Reacting to the editorial in the influential US paper, Pakistan's military spokesperson Major General Athar Abbas said in recent weeks the NYT has been publishing "wild claims" presented as news stories on the basis of information "supposedly provided by unnamed US officials".

In an unprecedented attack, the Times charged the ISI of being "inimical to Pakistani and American interests" and asked Washington to seek the removal of its chief Lt Gen Ahmed Shuja Pasha while slapping sanctions against its officials involved in terror activities.

The paper also asked President Asif Ali Zardari "to speak out firmly against abuses, insist on adherence to the rule of law and join his political rival, Nawaz Sharif, in pressing the security services to change".

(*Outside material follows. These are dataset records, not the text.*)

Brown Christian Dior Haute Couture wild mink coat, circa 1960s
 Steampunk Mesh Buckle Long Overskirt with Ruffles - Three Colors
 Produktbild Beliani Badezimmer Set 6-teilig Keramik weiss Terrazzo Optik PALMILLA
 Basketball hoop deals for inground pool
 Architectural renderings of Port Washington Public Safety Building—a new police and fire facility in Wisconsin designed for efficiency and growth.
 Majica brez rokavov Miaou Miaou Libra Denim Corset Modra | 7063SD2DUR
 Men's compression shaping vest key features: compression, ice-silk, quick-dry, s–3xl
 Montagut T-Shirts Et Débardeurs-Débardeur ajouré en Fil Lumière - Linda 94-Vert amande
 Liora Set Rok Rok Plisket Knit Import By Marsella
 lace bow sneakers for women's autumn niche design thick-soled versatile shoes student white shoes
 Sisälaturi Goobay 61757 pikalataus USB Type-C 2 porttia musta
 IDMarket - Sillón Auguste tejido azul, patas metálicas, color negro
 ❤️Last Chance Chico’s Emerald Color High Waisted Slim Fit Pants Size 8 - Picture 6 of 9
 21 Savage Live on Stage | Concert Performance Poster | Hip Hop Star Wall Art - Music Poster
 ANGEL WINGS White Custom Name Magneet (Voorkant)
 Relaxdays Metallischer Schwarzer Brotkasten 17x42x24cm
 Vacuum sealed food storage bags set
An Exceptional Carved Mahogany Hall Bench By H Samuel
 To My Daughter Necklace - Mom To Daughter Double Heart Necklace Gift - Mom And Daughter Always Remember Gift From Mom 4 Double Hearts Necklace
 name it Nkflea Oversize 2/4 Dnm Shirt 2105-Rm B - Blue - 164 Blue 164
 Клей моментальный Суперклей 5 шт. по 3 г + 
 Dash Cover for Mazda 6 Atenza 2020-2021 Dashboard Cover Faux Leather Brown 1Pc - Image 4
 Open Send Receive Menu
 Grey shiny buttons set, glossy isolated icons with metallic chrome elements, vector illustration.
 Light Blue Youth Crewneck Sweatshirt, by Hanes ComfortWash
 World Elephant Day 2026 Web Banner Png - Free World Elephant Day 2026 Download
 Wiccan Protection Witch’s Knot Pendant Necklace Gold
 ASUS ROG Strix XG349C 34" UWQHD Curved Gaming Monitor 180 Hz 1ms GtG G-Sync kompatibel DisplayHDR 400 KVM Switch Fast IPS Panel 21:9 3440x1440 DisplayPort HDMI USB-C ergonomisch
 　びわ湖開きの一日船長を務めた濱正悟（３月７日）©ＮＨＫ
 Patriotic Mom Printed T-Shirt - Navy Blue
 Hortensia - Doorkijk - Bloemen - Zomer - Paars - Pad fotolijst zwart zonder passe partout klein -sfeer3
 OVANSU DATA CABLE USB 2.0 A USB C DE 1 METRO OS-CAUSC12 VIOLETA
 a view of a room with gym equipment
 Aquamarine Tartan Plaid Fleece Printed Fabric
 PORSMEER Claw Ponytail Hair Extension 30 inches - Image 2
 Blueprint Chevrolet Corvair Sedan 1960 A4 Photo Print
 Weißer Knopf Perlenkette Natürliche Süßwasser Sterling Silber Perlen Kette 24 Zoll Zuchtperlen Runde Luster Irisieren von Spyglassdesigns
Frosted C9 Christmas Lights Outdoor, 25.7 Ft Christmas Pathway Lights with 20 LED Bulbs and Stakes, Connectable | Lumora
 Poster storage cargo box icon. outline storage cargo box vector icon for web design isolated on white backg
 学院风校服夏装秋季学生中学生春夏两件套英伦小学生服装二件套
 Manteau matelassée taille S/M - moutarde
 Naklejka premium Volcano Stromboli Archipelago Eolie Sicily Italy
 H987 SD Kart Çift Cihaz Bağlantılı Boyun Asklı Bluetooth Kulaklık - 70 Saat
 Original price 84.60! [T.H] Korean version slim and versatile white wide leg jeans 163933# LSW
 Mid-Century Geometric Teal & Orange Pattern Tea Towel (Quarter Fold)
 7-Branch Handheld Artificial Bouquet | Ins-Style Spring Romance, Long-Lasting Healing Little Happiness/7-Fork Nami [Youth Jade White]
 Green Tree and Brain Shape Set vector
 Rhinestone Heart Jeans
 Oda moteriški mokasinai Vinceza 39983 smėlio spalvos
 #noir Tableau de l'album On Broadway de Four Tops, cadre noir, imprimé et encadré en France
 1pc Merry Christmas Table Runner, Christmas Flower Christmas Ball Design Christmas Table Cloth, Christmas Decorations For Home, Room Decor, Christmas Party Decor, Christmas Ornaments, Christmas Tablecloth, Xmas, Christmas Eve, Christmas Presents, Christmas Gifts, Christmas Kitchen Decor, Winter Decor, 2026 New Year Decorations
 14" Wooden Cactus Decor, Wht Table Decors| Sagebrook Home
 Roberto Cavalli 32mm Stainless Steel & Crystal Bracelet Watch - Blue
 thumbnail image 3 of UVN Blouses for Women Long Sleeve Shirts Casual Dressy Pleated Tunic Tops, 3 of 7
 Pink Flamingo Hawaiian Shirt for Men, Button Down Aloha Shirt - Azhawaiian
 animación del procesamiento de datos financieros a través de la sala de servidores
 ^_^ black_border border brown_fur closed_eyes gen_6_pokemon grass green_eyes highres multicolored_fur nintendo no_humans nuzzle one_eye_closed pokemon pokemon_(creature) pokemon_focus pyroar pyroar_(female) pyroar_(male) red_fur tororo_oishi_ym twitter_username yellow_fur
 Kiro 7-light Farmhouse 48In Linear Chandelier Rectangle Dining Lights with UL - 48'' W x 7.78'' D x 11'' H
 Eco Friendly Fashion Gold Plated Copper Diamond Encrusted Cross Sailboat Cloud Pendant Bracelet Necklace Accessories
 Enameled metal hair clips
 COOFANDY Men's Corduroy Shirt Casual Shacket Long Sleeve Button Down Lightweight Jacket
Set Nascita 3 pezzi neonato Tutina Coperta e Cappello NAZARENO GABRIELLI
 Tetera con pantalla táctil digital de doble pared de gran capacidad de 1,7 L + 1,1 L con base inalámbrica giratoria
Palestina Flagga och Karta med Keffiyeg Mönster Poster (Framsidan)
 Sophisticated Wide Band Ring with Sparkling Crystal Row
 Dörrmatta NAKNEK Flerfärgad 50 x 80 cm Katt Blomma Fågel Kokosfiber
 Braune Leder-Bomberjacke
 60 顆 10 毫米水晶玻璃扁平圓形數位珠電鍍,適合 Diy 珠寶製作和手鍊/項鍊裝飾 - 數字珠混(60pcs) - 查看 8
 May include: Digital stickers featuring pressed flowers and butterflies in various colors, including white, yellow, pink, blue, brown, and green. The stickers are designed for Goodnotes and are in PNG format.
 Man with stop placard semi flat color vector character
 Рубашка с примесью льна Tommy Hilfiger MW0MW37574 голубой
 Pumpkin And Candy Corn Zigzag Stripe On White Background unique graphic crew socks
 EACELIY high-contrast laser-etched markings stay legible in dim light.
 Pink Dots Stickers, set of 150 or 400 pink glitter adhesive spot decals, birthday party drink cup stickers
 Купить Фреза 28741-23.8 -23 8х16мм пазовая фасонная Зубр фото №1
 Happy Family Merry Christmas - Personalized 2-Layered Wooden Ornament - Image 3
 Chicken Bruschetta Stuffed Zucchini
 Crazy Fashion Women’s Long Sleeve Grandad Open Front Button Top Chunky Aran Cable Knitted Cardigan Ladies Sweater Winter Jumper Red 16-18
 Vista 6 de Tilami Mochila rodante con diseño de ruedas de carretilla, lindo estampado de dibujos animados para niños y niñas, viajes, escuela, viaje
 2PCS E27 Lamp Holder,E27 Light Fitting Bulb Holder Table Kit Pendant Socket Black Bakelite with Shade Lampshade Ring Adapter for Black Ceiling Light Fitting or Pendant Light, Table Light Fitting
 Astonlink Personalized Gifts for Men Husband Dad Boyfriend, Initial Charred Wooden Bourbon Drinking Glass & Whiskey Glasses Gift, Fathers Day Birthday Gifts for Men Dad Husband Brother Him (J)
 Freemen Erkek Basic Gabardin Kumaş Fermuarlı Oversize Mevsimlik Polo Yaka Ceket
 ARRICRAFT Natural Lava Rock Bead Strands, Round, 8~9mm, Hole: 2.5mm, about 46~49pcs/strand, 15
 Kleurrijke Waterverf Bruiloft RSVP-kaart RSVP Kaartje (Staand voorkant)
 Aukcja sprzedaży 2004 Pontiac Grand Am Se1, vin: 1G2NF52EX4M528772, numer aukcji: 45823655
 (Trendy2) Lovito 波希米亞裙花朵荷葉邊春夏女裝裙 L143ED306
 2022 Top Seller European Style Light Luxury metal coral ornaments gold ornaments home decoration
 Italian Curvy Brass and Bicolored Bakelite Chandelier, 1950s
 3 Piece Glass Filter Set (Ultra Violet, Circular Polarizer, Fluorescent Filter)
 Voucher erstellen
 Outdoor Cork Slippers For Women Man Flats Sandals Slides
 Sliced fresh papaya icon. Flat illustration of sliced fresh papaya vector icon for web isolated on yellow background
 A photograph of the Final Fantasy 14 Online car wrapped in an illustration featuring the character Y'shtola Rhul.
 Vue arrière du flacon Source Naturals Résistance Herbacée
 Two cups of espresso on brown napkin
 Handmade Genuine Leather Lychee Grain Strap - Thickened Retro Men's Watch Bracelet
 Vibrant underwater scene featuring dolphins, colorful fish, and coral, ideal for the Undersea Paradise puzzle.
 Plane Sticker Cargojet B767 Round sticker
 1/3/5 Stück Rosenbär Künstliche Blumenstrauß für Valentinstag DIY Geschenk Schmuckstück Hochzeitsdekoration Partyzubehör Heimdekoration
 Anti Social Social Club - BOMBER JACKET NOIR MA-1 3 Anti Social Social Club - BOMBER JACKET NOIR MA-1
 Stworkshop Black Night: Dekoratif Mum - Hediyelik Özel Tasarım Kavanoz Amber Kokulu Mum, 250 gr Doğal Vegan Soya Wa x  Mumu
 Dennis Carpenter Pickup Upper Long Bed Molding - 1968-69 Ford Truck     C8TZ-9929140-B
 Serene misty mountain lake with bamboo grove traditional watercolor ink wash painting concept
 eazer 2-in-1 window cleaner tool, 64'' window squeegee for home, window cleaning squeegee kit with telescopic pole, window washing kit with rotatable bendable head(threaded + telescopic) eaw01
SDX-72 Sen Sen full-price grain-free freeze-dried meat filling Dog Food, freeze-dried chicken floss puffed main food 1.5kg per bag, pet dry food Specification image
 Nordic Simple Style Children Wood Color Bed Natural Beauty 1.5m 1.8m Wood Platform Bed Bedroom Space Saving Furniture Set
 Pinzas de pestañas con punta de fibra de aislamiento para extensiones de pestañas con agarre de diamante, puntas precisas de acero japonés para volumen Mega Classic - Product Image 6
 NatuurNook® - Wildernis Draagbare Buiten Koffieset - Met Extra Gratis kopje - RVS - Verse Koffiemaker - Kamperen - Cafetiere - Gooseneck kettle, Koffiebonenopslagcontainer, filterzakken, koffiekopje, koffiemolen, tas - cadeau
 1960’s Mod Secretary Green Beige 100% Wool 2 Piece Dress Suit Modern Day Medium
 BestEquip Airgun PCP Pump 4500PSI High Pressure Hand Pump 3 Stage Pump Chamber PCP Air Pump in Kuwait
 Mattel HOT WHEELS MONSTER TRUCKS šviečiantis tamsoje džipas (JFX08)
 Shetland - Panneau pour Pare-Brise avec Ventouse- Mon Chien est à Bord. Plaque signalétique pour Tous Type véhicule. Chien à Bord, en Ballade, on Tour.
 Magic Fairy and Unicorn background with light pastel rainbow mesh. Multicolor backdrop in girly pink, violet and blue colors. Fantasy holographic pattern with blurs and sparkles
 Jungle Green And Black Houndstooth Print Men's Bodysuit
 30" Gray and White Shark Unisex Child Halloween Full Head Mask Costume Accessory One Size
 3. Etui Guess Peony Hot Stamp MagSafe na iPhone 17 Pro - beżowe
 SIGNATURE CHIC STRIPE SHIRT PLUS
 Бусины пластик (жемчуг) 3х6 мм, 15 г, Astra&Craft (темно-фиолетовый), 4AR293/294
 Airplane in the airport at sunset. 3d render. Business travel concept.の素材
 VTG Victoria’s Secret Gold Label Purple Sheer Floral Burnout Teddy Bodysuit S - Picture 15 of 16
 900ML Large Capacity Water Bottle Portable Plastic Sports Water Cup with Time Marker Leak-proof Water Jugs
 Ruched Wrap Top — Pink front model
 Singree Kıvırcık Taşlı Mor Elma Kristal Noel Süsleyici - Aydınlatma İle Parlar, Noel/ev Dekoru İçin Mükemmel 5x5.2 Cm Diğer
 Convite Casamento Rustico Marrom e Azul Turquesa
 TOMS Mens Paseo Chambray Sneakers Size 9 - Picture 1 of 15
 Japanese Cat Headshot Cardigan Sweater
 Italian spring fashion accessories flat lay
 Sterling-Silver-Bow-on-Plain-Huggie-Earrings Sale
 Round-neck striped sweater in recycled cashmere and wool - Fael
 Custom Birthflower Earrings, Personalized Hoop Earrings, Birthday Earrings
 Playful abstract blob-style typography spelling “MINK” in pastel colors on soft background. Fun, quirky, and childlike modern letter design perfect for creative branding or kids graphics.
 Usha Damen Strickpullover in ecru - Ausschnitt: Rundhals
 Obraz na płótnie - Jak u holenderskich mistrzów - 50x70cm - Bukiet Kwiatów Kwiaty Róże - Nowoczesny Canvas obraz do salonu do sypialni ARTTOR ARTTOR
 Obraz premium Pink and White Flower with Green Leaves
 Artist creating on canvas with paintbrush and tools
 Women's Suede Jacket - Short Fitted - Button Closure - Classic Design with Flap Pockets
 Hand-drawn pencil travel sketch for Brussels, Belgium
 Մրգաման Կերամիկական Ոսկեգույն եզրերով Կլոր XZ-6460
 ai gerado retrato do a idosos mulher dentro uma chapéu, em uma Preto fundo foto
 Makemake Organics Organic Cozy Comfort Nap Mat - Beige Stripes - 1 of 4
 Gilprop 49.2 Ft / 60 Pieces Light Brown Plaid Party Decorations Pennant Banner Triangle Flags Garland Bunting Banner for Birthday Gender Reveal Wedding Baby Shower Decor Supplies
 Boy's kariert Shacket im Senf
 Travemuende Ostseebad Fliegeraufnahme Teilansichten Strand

"It (US government) should tell Pakistan's security leadership that if Washington identifies anyone in ISI or the army as abetting terrorists, those individuals will face sanctions like travel bans or other measures," it said.

Abbas said the allegations levelled by the Times against the chief of the country's premier intelligence agency were baseless and mischievous.

Abbas also recalled NYT's apology of March 2004 over its coverage of the Iraq war, when the paper admitted that it should have more aggressively re-examined claims and said that in some cases, "information that was controversial then, and seems questionable now, was insufficiently qualified or allowed to stand unchallenged".